Benim de bir fikrim yok...

Dün Zagreb maçının Fransız hakemini izleyince, içim ferahladı. Zira ben sadece bizim hakemlerin 'Futbola Fransız' olduğunu sanıyordum. Dün gördüm ki Jerome Brisard da Fransız! İlk yarıdan birkaç örnek.

Adam Fenerbahçe'ye taç attırmadan soyunma odasına gitti. En-Nesyri gole giderken kendini yere atan rakip oyuncunun tedavisi için pozisyonu kesti. Sağlık her şeyden önemli elbette ama bizim de ruh sağlığımızı bozmaya hakkınız yok.

Ayrıca bütün faul kokan ikili mücadelelerde takdir haklarını rakipten yana kullandı. Bazen bizimkiler de kendini kolay yere attı. Çok kızıyorum. O seni ittiğinde düşüyorsan, daha güçsüzsün demektir. Niye rakip değil de sen yere düşüyorsun.

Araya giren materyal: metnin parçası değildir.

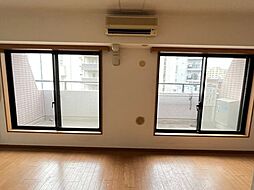 JR山手線 恵比寿駅 徒歩4分の賃貸マンション 9階2LDKのリビング/ダイニング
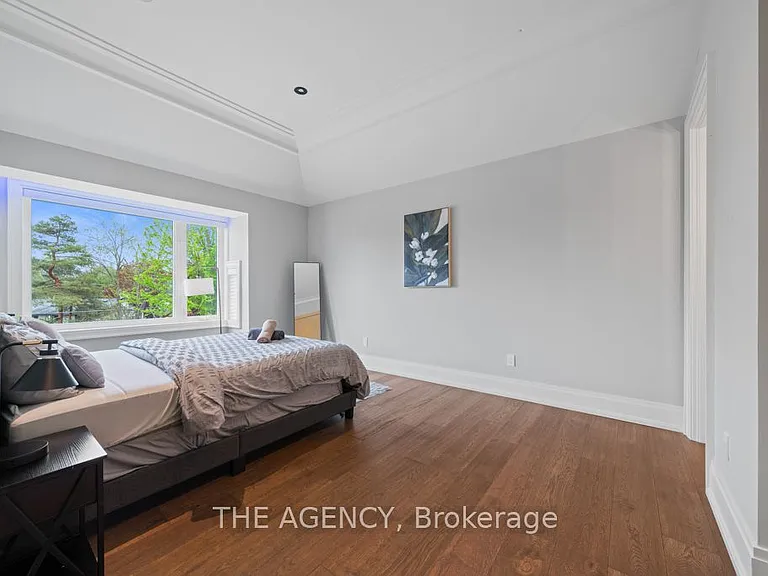8 Frivick Ct — Photo 35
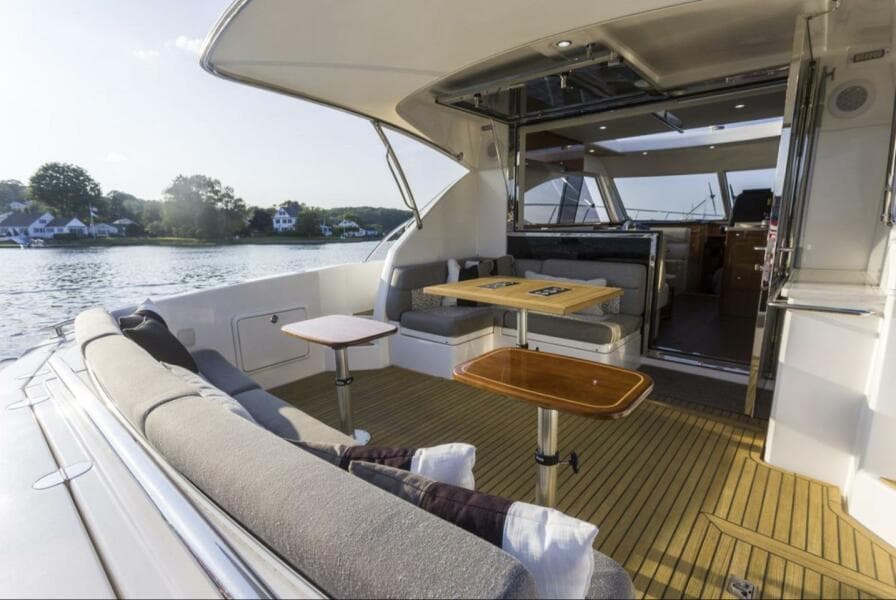 2016 Riviera 5000 Sport Yacht - Photo 10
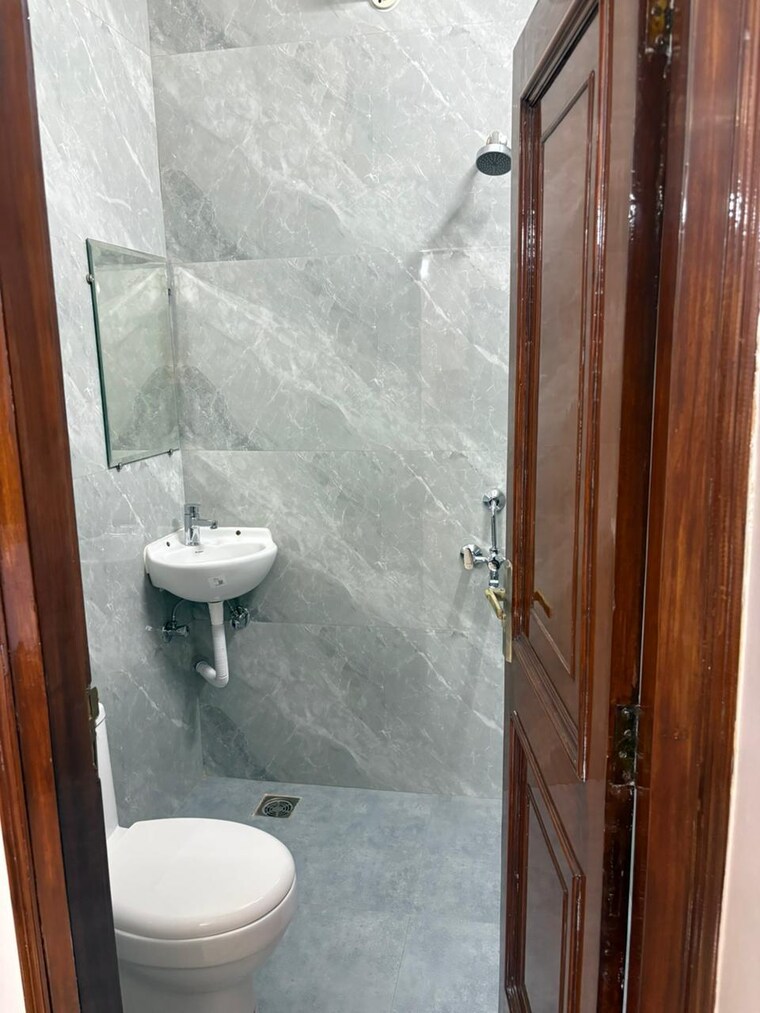 Bathroom, tulip-mall 3 Bedroom 3000 Sq.Ft. Independent House In Sector 46 Noida 9665618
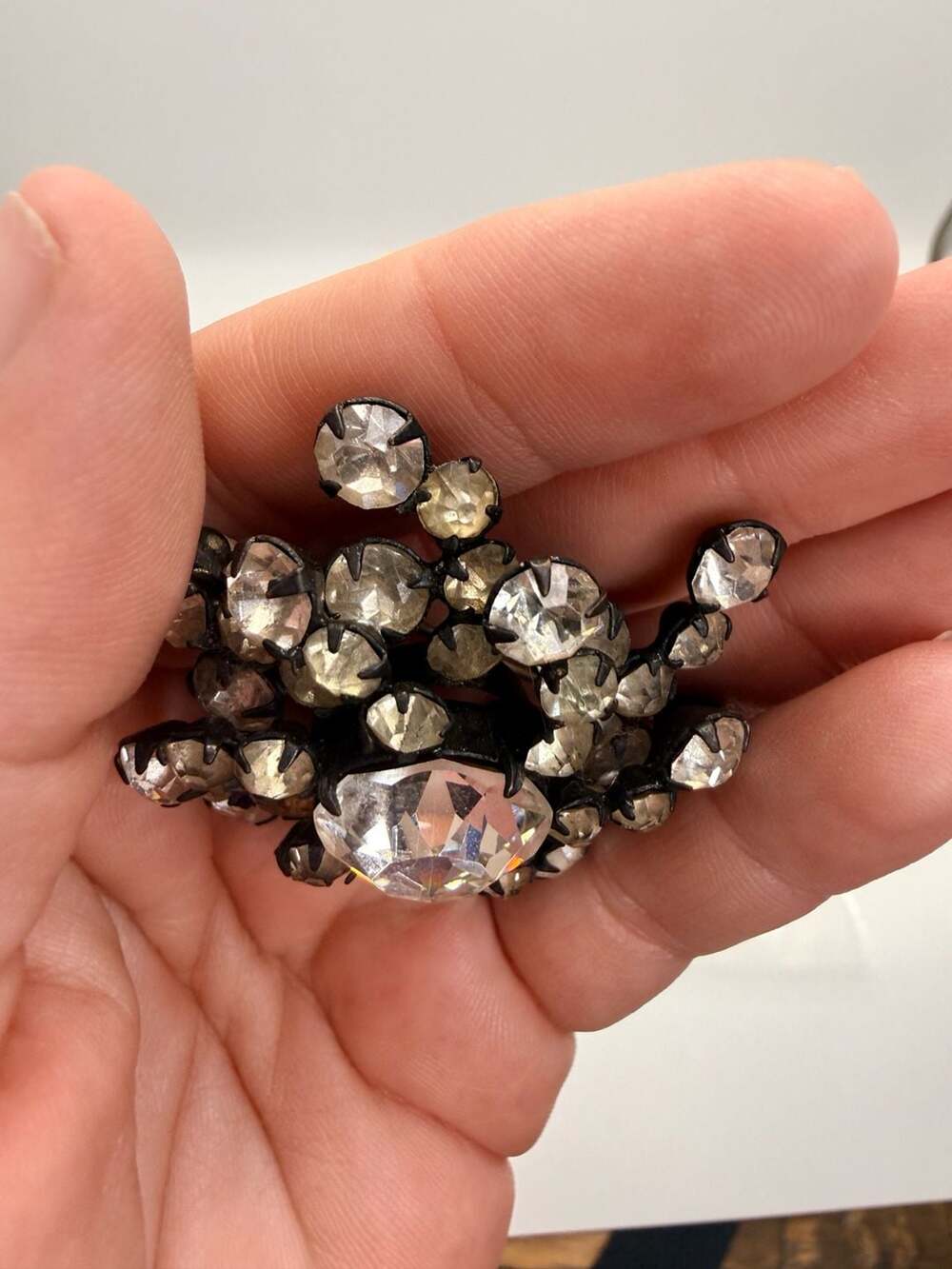 Vintage Crystal Rhinestone Cluster Brooch Pin - Picture 6 of 6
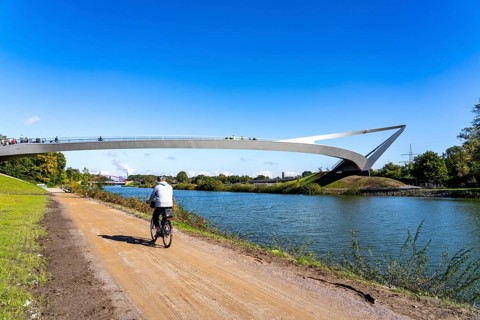 New bridge over the Rhine-Herne Canal and the Emscher, leap over the Emscher, bicycle and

Sen ayakta kal, o hakemden medet umsun! Hani bu olumsuzlukları yazdım diye, Fenerabahçe'nin 'Sütten çıkmış ak kaşık' olduğunu sanmayın. Yahu arkadaş Dinamo Zagreb'de kim! 300 milyon euro değerinde takım kurmuşsun, rakip 79 milyon euro.

Yani terazinin kefesine koysan 4 katından ağır. Yedek kulübesindekileri satsan 2 tane Zagreb kurarsın. Elbette futbolda kağıt üzerindeki değer maç kazanmıyor. Ama arkadaş "Ağırlığınızı" koyun sahaya. Niye tedirgin ve özgüven sorunu yaşıyorsunuz.

Koskoca Fenerbahçe'nin formasını giymenin verdiği bir gurur bir savaşçı ruh arıyor insan. Zagreb karşısında ayaklarınız titrer, panik yaparsanız yakışır mı Adamlar resmen Fenerbahçe'nin hediye ettiği golle öne geçtiler.

Onların da doğrusu gol atası yoktu ama Fenerbahçe ikram edince de ne yapsınlar! Allah'tan Szymanski cevap verdi de utanç tablosu skor tabelasında kalıcı olmadı. Gol duran toptan geldi.